■ **Available data**
────────────────

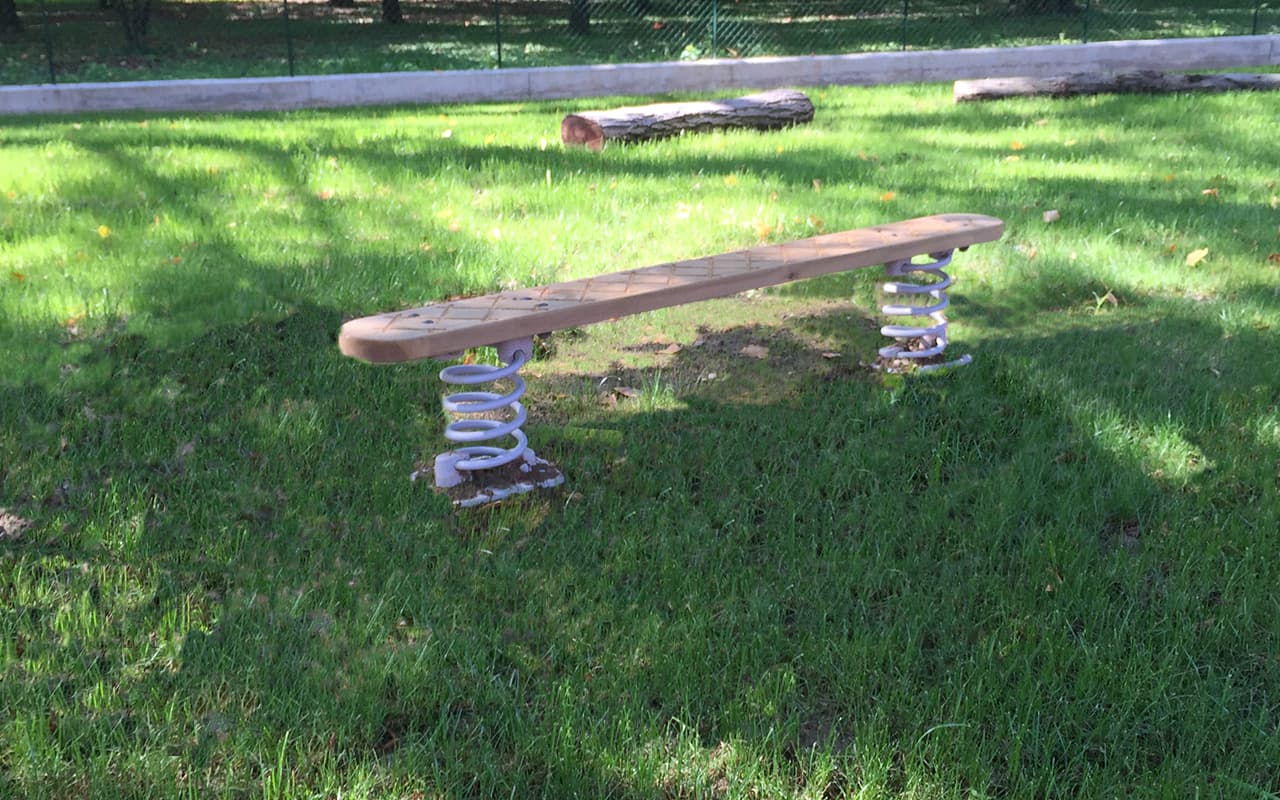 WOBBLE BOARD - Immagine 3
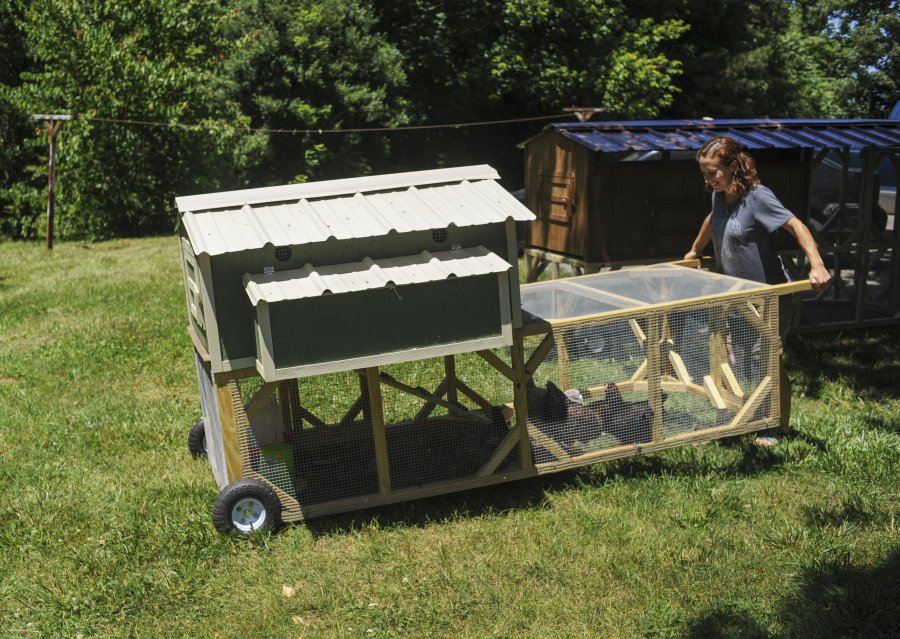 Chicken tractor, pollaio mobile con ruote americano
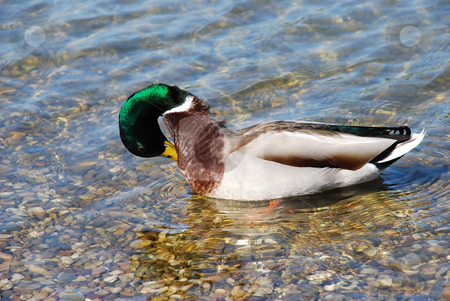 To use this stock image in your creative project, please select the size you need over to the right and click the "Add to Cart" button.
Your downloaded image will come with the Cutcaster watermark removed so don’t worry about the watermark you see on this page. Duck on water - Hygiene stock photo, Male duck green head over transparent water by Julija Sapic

────────────────

■ **Requirement**
Word for word, give the listing above again, but drop any pictures.

■ **Answer to the problem**
 WOBBLE BOARD - Immagine 3
 Chicken tractor, pollaio mobile con ruote americano
 To use this stock image in your creative project, please select the size you need over to the right and click the "Add to Cart" button.
Your downloaded image will come with the Cutcaster watermark removed so don’t worry about the watermark you see on this page. Duck on water - Hygiene stock photo, Male duck green head over transparent water by Julija Sapic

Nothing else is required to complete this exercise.